For any picture in the lines below, please leave it out and copy the rest exactly.

**Data below**
++++++++++

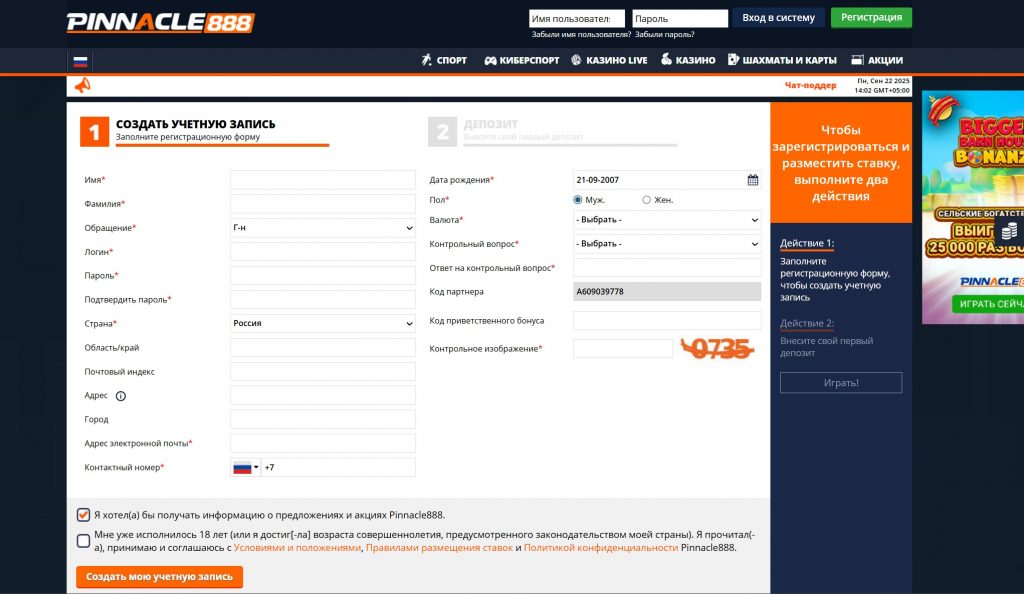 Анкета регистрации в Пинакл888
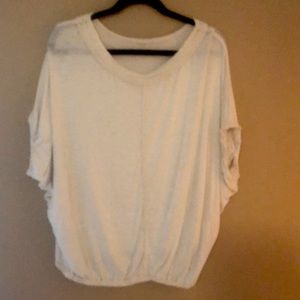Semi short sleeved beige top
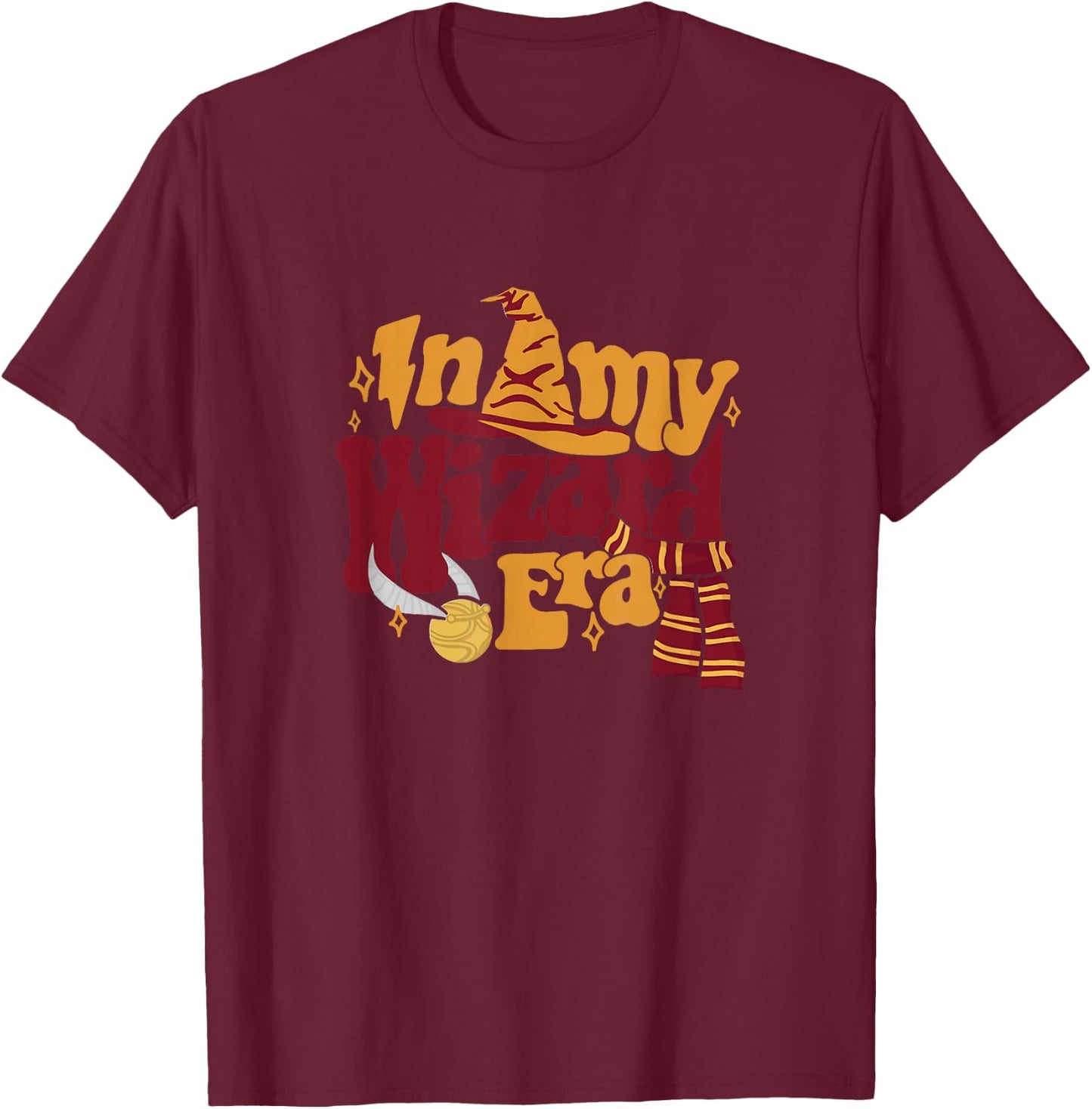 In My Wizard Era Groovy Bookish Fantasy Reader Book Lover T-Shirt - T-Shirt | Maroon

++++++++++

**Written response**
 Анкета регистрации в Пинакл888
Semi short sleeved beige top
 In My Wizard Era Groovy Bookish Fantasy Reader Book Lover T-Shirt - T-Shirt | Maroon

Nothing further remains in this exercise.